The Liberal platform: simplicity itself

The most telling moment in Michael Ignatieff’s launch event for the full Liberal platform today in Ottawa came in an off-the-cuff comment he made after a video presentation on the party’s education policy.

Up on a big screen above a crowd arranged in a circle around Ignatieff, a series of Liberal candidates, all women, had been delivering brief presentations on the various key themes in the platform.

Wendy Yuan, who is trying to unseat NDP incumbent Don Davies in the hotly contested Vancouver-Kingsway riding, wrapped up her pre-taped pitch on education with a favourite Ignatieff slogan: “You get the grades, you get to go.”

The audience in the basement conference room of a downtown Ottawa hotel dutifully let loose with a longer than average burst of applause.  “That sounds pretty popular,” Ignatieff crowed. “You get the grades, you get to go. It’s like all these policies—they’re simple, they’re easy to understand, they address a real need of Canadian families.”

That’s something Ignatieff occasionally does: allude directly to the tactical formulation behind something he’s saying or doing. In this case, one might shrug off the “simple, easy to understand” description as merely stating the obvious.

Look at the five featured items in what the Liberals are calling their “Family Pack” platform: $1 billion a year toward grants for students going to college or university; $500 million a year for new child care spaces;  $1 billion in benefits for those who stay home to care for old or ill family members; $400 million to boost the Guaranteed Income Supplement; and, new today, $400 million for a tax credit for energy-saving home renovations.

These are indeed easy to grasp, and aimed at family matters. No doubt that’s good politics. Nobody needs reminding of how hard it was for Stéphane Dion to make his carbon tax plan seem comprehensible and relevant. Or how Paul Martin’s big themes, demographic change and the rise of Asian economic competitors, sounded remote from the day-to-day.

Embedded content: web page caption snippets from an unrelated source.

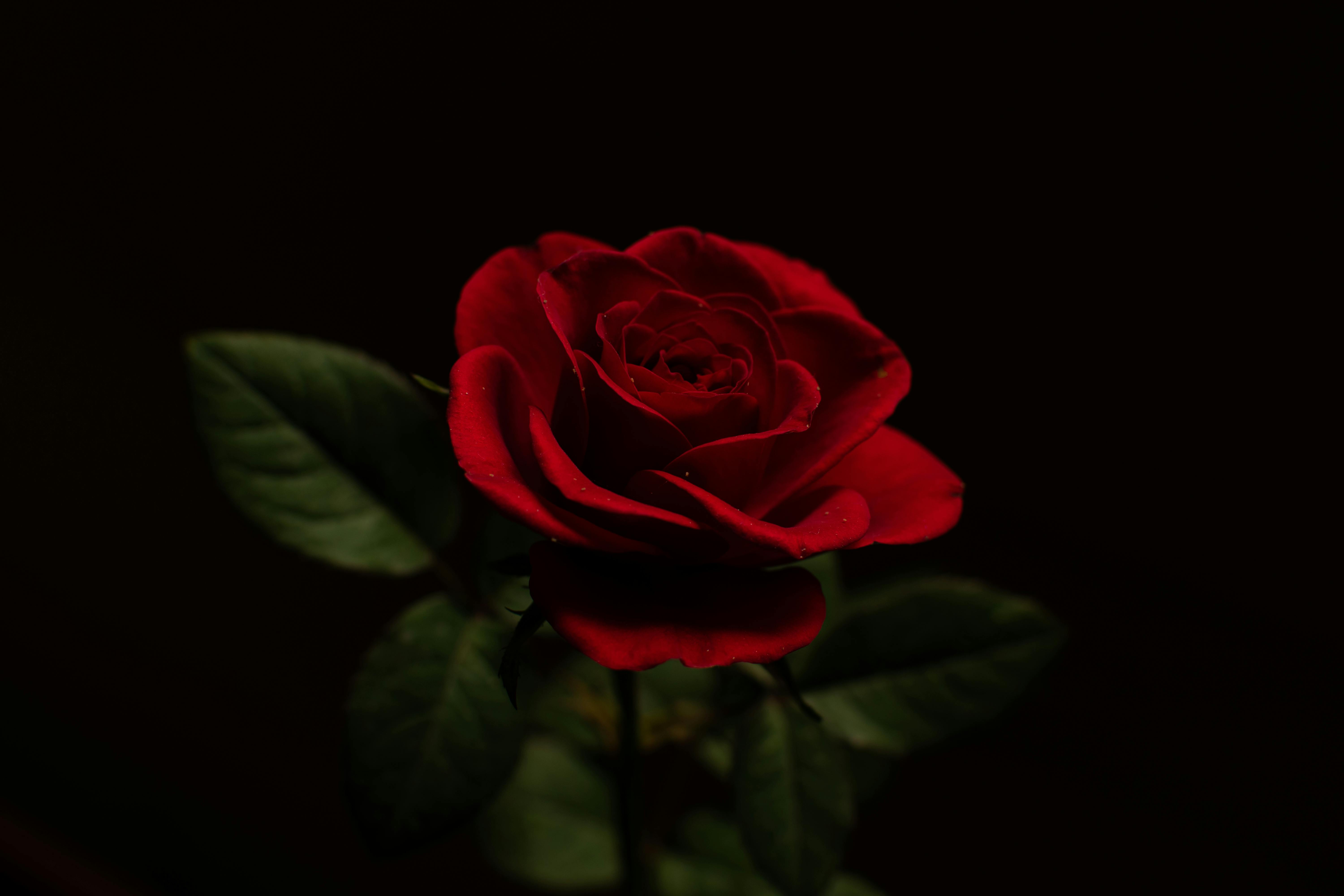 Red Rose with a Black Background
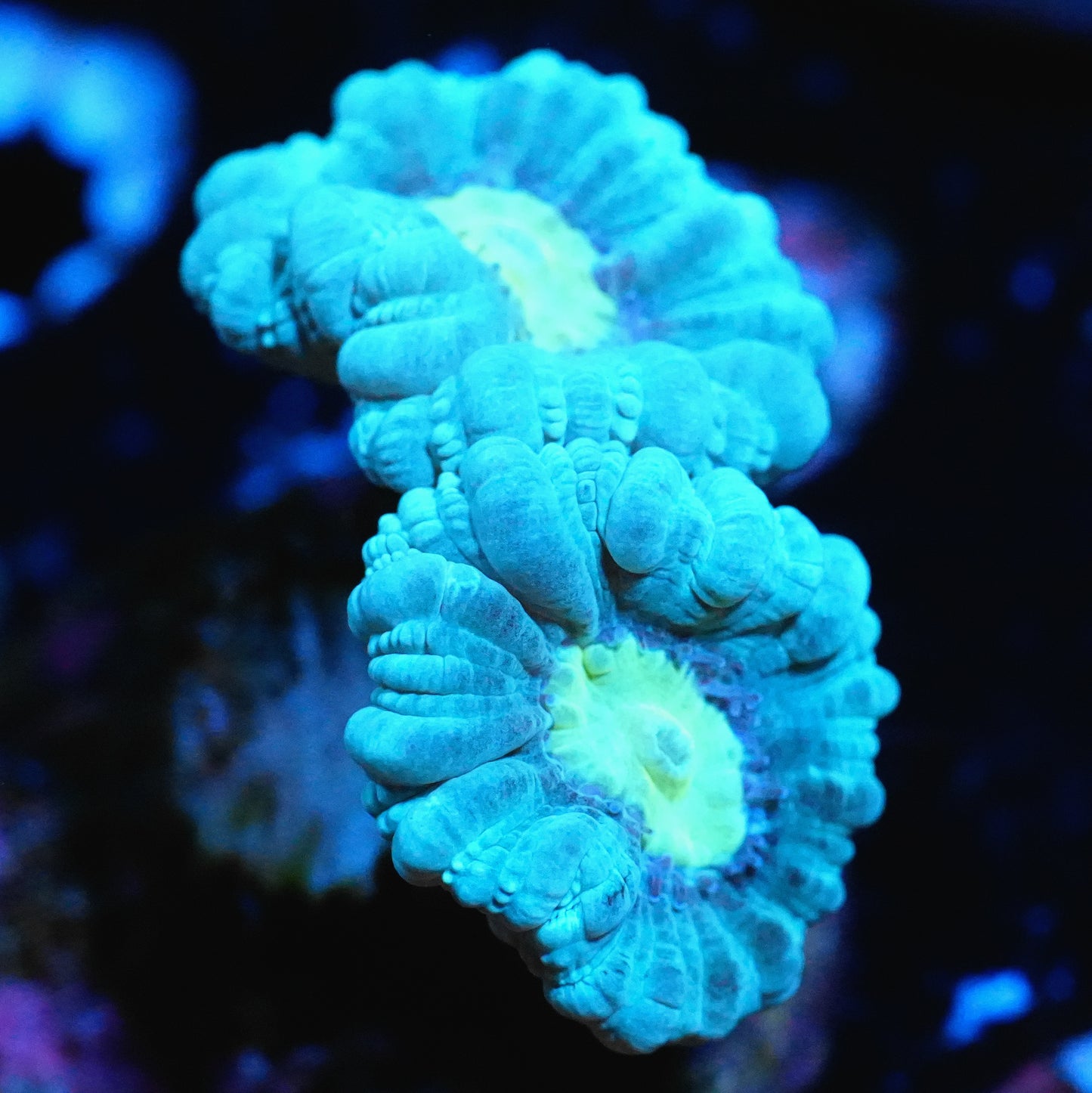 WYSIWYG ACI Blue Macaw Trumpet LPS Coral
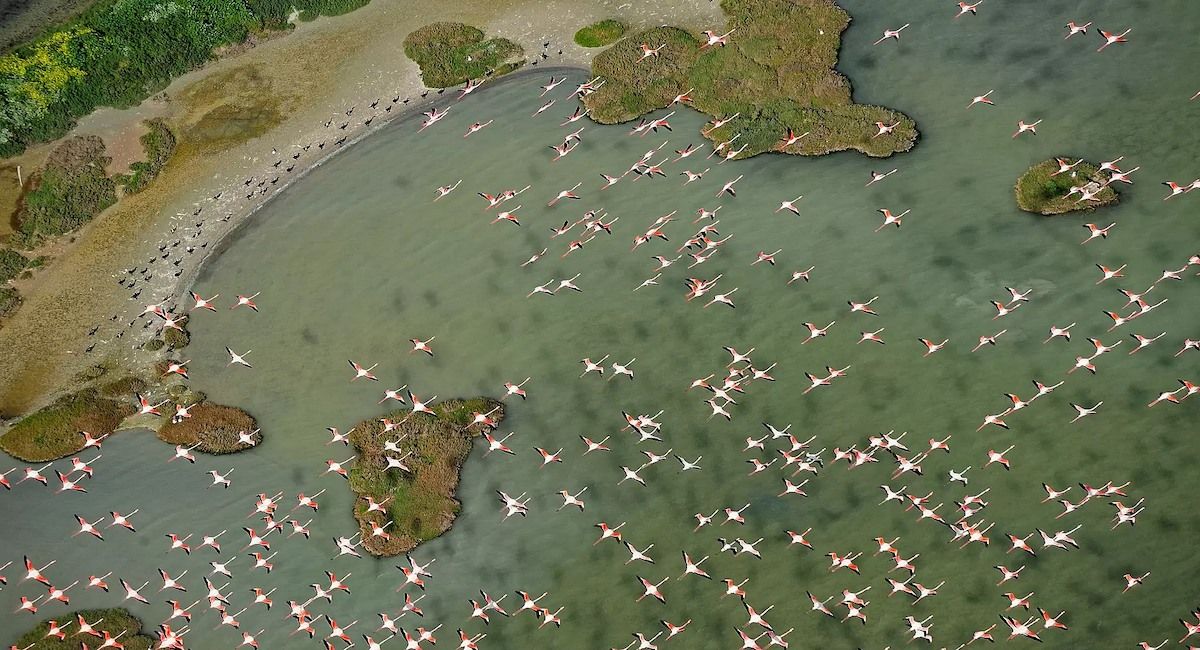 La Unesco ha mostrado su preocupación por la disminución de las poblaciones de aves acuáticas invernantes, por lo que subraya "la urgente necesidad de medidas de conservación aceleradas y coordinadas". | Foto: Diego López/WWF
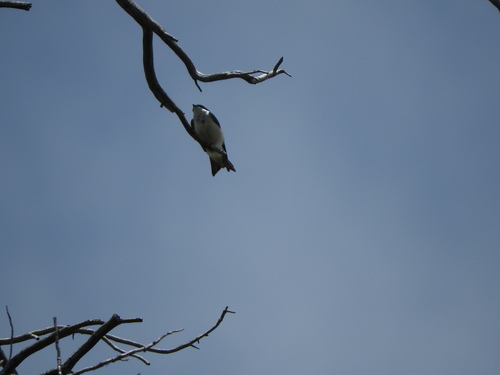 iNaturalist observation photo of Tree Swallow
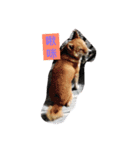 My Doggy Ban Ban（個別スタンプ：4）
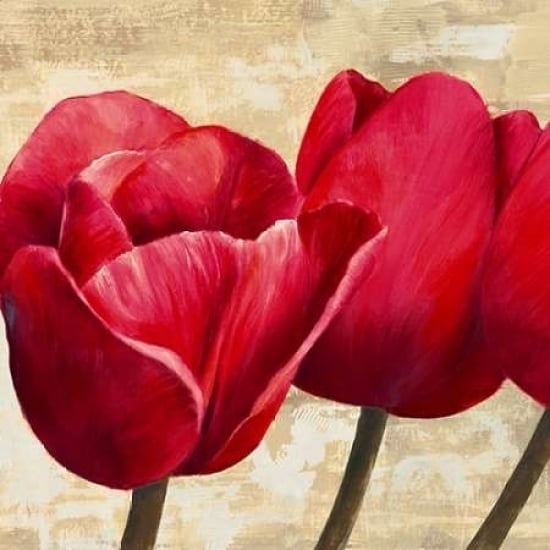 Red Tulips Poster Print by Cynthia Ann-VARPDX1AN1219 Image 1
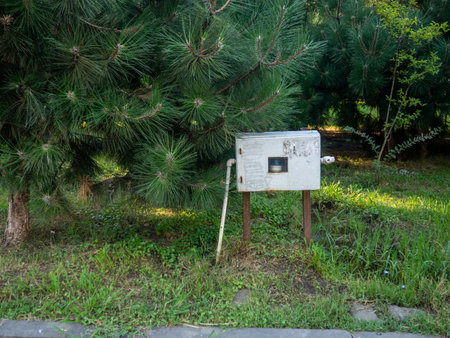 Electricity meters in the garden. Industry and nature. Counter concept. Iron device among palm treesの写真素材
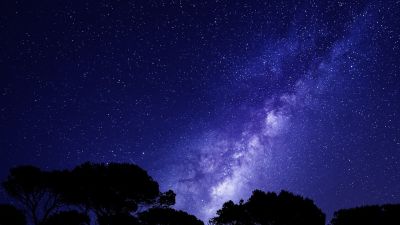 day10_面向对象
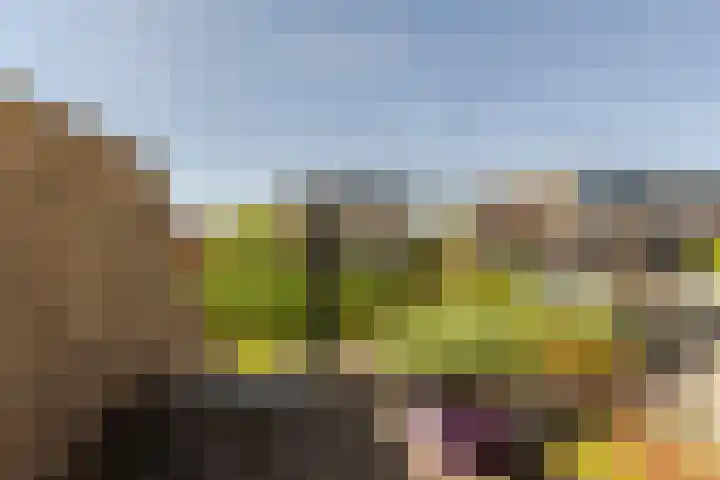 't Kerkestuk 109 Reeuwijk thumbnail 19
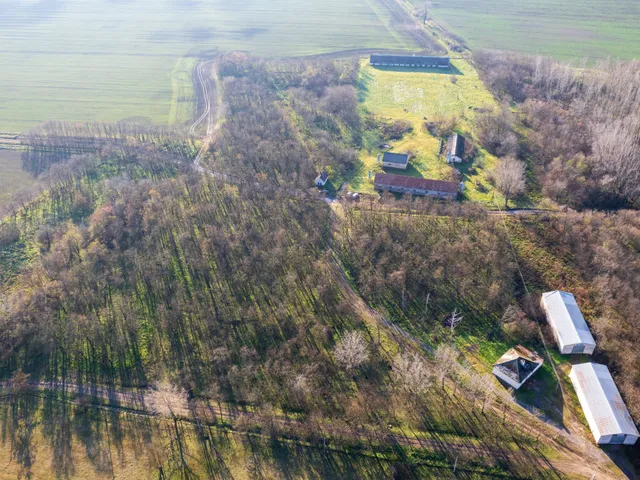 Eladó kereskedelmi és ipari ingatlan Mezőfalva 55135 nm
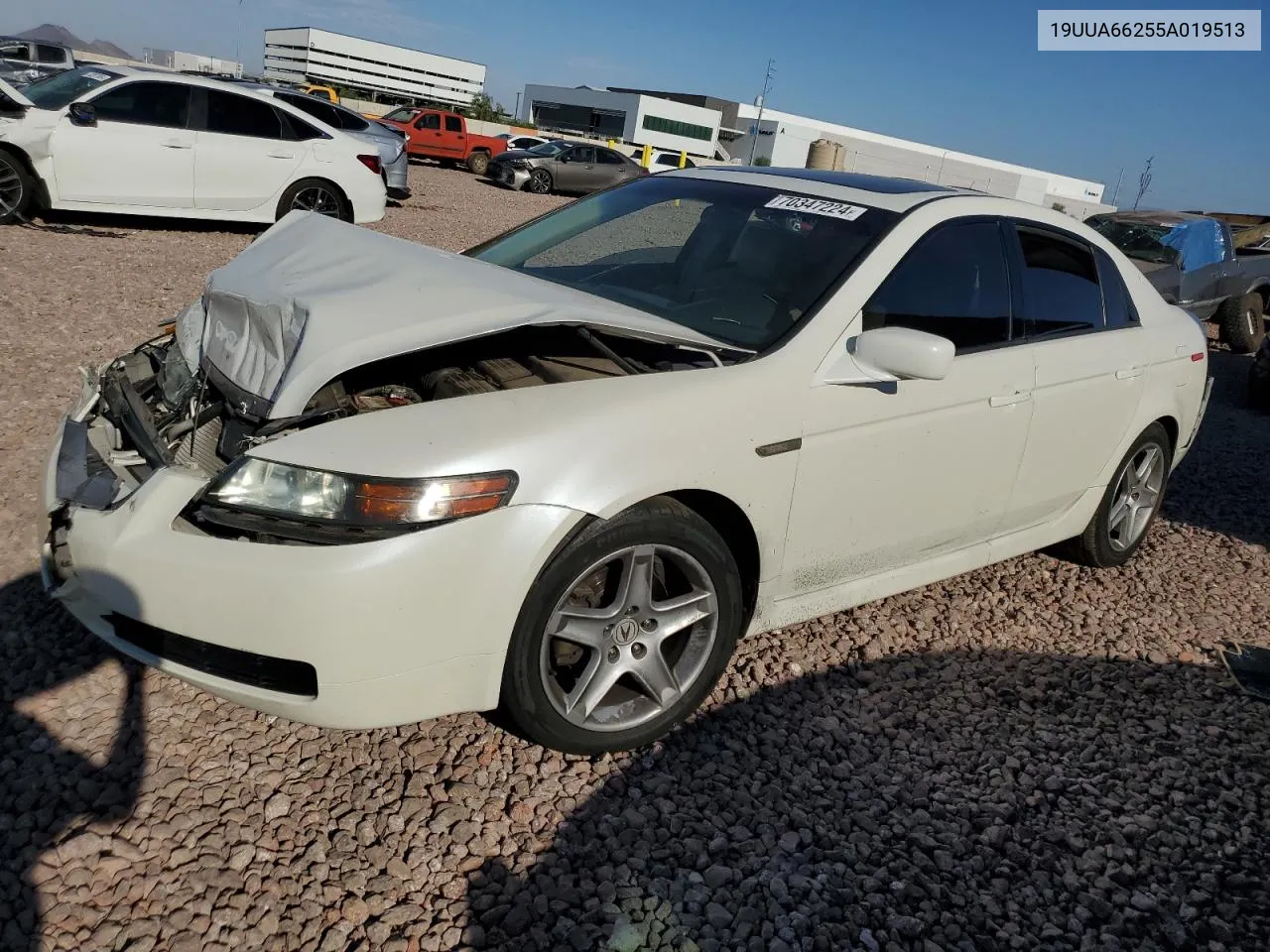 2005 Acura Tl VIN: 19UUA66255A019513 Lot: 70347224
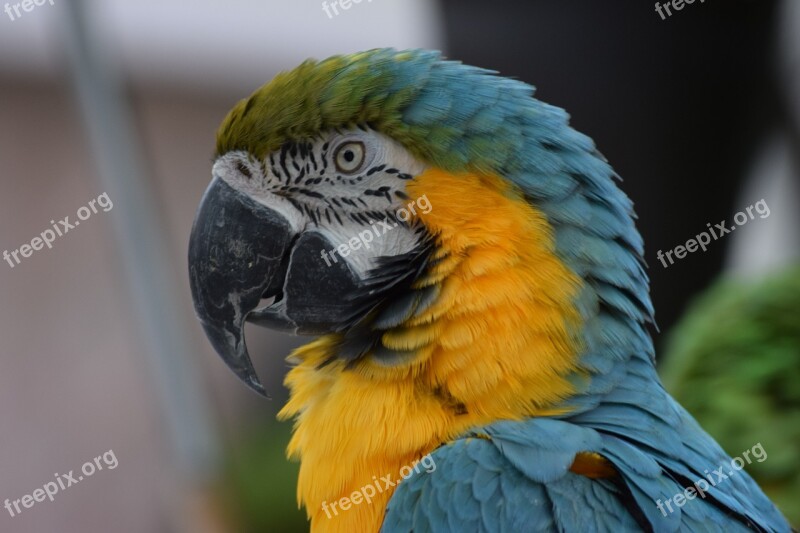 Animal Aviary Beak Bird Colorful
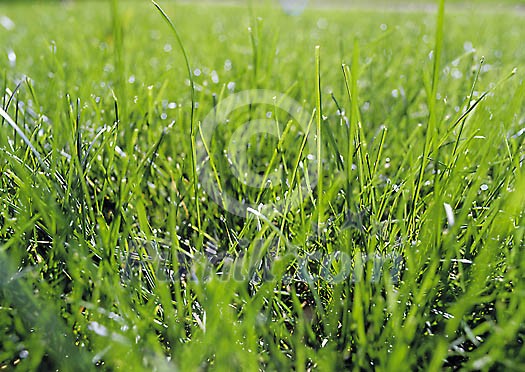 Background Stock Photos Subscription Background Stock Photos Subscription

Ignatieff’s more campaign-friendly, family-centric messaging has been in development for about a year, and started to take shape clearly last fall, when he unveiled his family caregivers plan. His sure-footed start to this campaign owes everything to that patient preparation.

Yet there was a moment late in today’s show, after Ignatieff had touted his platform’s simplicity, when I wondered if it’s enough. He took a question submitted online by a 19-year-old from Montréal, who pleaded for a policy on global warming, noting that his generation would have to live with climate change.

All Ignatieff had to point to by way of an answer was that reno tax credit and a Liberal promise to move more quickly to end a oil-sands development tax break, which the Conservatives are winding down anyway by 2015, and push the money saved in environmentally desirable directions.

It wasn’t terribly convincing. But a fuller answer—one that, say, explained how he hopes to make good on his party’s pledge to cut greenhouse gas emissions 80 per cent below 1990 levels by 2050—couldn’t possibly have met his test of being easy to understand and addressed at family preoccupations.

Made me wonder what Dion would have said.